Thanks. I need some advice mostly. There's still the question of bogus backtrace returned by valgrind. Is this a valgrind issue or the debug data produced by gdb or something else? If we cannot rely on backtraces with LTO, this would be a big drawback.
The above backtrace is produced by valgrind.
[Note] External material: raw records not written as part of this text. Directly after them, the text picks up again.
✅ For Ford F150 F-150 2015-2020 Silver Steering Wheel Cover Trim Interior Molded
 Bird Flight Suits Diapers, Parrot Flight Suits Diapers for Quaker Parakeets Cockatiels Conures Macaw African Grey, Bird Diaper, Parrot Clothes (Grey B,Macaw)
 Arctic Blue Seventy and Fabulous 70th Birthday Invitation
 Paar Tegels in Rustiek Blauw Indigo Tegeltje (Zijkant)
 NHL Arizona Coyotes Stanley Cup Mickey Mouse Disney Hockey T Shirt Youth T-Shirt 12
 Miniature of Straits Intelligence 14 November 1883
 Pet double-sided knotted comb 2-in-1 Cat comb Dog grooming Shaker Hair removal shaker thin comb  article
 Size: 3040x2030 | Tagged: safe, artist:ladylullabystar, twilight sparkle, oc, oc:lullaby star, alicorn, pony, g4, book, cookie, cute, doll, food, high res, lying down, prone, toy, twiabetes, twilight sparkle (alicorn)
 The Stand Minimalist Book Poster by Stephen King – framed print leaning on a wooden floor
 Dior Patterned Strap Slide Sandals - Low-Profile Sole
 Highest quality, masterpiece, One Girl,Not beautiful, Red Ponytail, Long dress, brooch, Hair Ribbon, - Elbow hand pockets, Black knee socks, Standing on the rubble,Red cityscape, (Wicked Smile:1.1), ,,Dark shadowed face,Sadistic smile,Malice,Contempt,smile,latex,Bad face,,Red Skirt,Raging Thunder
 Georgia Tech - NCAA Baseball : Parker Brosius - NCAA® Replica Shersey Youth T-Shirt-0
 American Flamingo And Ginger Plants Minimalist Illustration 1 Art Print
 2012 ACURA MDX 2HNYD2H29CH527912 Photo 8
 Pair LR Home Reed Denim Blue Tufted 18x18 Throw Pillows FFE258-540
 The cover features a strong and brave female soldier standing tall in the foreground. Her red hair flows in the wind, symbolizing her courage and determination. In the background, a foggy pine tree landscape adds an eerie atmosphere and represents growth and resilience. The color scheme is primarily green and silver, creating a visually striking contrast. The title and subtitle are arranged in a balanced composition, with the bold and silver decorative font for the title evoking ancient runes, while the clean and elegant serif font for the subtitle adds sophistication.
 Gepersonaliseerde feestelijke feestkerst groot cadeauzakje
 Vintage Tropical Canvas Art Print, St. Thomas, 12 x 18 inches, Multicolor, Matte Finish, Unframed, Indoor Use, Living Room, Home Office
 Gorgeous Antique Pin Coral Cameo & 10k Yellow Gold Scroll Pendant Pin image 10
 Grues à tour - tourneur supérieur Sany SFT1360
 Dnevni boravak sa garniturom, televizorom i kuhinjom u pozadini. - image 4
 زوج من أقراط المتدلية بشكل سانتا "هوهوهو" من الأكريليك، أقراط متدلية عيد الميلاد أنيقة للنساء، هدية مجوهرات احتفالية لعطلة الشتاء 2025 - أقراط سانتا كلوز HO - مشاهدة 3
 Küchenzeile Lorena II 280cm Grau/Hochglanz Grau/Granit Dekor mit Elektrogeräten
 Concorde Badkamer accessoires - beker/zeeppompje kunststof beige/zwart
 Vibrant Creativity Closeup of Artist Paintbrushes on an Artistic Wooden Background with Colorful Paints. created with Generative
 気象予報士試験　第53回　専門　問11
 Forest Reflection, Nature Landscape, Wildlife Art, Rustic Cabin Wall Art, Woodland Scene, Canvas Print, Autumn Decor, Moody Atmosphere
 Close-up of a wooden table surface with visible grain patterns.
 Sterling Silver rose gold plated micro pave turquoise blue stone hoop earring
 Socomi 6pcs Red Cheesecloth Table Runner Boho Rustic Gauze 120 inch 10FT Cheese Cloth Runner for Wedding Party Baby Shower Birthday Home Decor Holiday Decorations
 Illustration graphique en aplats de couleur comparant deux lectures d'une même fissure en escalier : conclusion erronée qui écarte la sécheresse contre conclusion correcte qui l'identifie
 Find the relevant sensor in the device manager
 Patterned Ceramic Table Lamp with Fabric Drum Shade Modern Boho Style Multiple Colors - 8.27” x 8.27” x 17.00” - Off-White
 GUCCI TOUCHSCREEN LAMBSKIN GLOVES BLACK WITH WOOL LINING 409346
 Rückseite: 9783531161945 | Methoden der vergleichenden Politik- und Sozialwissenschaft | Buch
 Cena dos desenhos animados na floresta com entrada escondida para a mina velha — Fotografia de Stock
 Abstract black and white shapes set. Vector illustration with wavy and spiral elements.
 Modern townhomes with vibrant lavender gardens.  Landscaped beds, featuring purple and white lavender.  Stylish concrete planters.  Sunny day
The addresses should be correct, but as "UnknownInlinedFun" shows it has some trouble resolving the associated function/symbol names.
I don't know if LTO makes that valgrind bug worse.
If gdb works then you can also use gdb and valgrind together: https://tromey.com/blog/?p=731
http://valgrind.org/docs/manual/manual-core-adv.html#manual-core-adv.gdbserv...
gdb probably can produce a better backtrace than valgrind.